Se trata de mensajes que no van dirigidos a los pocos periodistas que escuchan sus
conferencias de manera presencial sino a los millones de mexicanos que las ven y escuchan a
través de los medios masivos de comunicación. Para los líderes populistas la veracidad
empírica y la consistencia lógica y teórica de los mensajes es irrelevante. Lo importante del
mensaje es penetrar en el espacio emocional de las personas a fin de provocar reacciones
irracionales de apoyo incondicional. Joseph Goebbels sabía mucho al respecto y convirtió la
creación de mitos (la pureza y nobleza supremas de la raza aria y el liderazgo providencial de
su Führer) y de fetiches generadores de todas las desgracias y tragedias del pueblo alemán
(liberales masones, marxistas bolcheviques y comerciantes y banqueros judíos) en poderosos
instrumentos ideológico-discursivos de movilización y control político.

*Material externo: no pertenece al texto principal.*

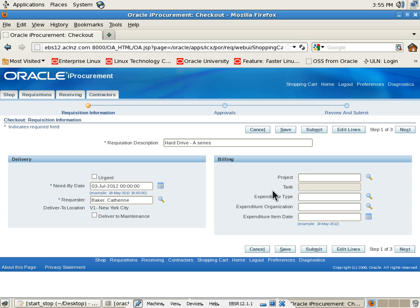Now, these details are optional, so I'll just skip this step. I don't have a project number and I don't want to associate this requisition to a project at the moment. So I simply hit on the next button.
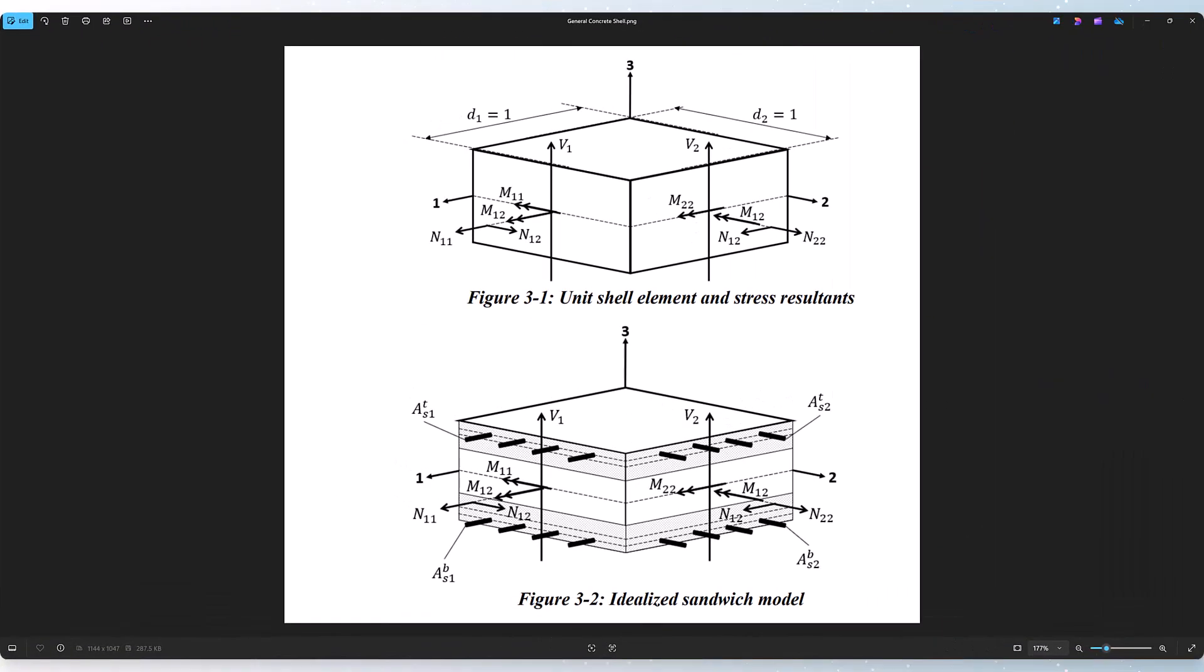In general, shell elements are subjected to eight stress resultants. Those are three membrane force components, N11, N22, and N12; two flexural moment components, M11 and M22, and the twisting moment M12; and the two transverse shear components, V1 and V2.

El populista demagógico apela a las masas al igual que el demócrata, en esto no son
diferentes. La diferencia radica en que mientras el primero lo hace a través de argumentaciones
racionales sustentadas en ideas económicas y políticas sobre la organización, regulación y
funcionamiento de mercados, instituciones de gobierno y políticas públicas y, en este sentido,
apela a la inteligencia de sus interlocutores; el segundo lo hace a través de narrativas
centradas en la construcción y proyección de mitos, símbolos e imágenes dramáticas que más
que apelar a la razón de los ciudadanos, apelan a su estructura emocional más profunda. Se
trata de narrativas que a partir de abstracciones como “el pueblo sabio” o “el líder impoluto” (el
ave de blanco plumaje que sobrevuela los pantanos más fangosos sin mancharse) y del
planteamiento de actos heroicos (desterrar la corrupción y salvar a los pobres) y de escenarios
utópicos frecuentemente ligados a visiones míticas de la historia (la construcción de una
democracia plenamente justa e igualitaria que haga realidad los sueños traicionados de los
padres de la patria), buscan articular apoyos incondicionales entre sectores sociales
secularmente oprimidos y comprensiblemente cargados de rencor y deseos de revancha. Es
absolutamente cierto que nuestro país ha acumulado una deuda histórica inmensa con
trabajadores, campesinos y sectores populares urbanos. Sin embargo también es cierto que el
camino para superar nuestros problemas estructurales y rezagos ancestrales no pasa por la
polarización ideológica, la confrontación entre clases sociales y la destrucción de instituciones.
Para conquistar su libertad los pueblos deben seguir el camino de la razón y esto implica
reconocer y rechazar abiertamente el camino alternativo de la irracionalidad. Las narrativas
políticas irracionales deben por lo tanto ser detectadas, denunciadas y desmontadas antes de
que se fortalezcan y penetren la conciencia y, sobre todo, el inconsciente colectivo de las
grandes masas. Esta debe ser una tarea fundamental de toda intelectualidad verdaderamente
comprometida con la construcción, fortalecimiento y desarrollo histórico de la democracia. Es
imprescindible contribuir de manera enérgica a que el pueblo de México cobre conciencia de
que los populismos demagógicos y los sistemas totalitarios y autoritarios de gobierno a que
éstos se encuentran indisolublemente ligados, tanto en el ámbito ideológico de la izquierda
como en el ámbito ideológico de la derecha, son y han sido siempre, como reconoció Georg
Lukács, fuerzas destructoras de la razón y de sus posibilidades históricas. El progreso que
prometen, los sueños de reivindicación social que plantean, se transforman más temprano que
tarde en terribles pesadillas de las cuales resulta sumamente difícil y penoso despertar.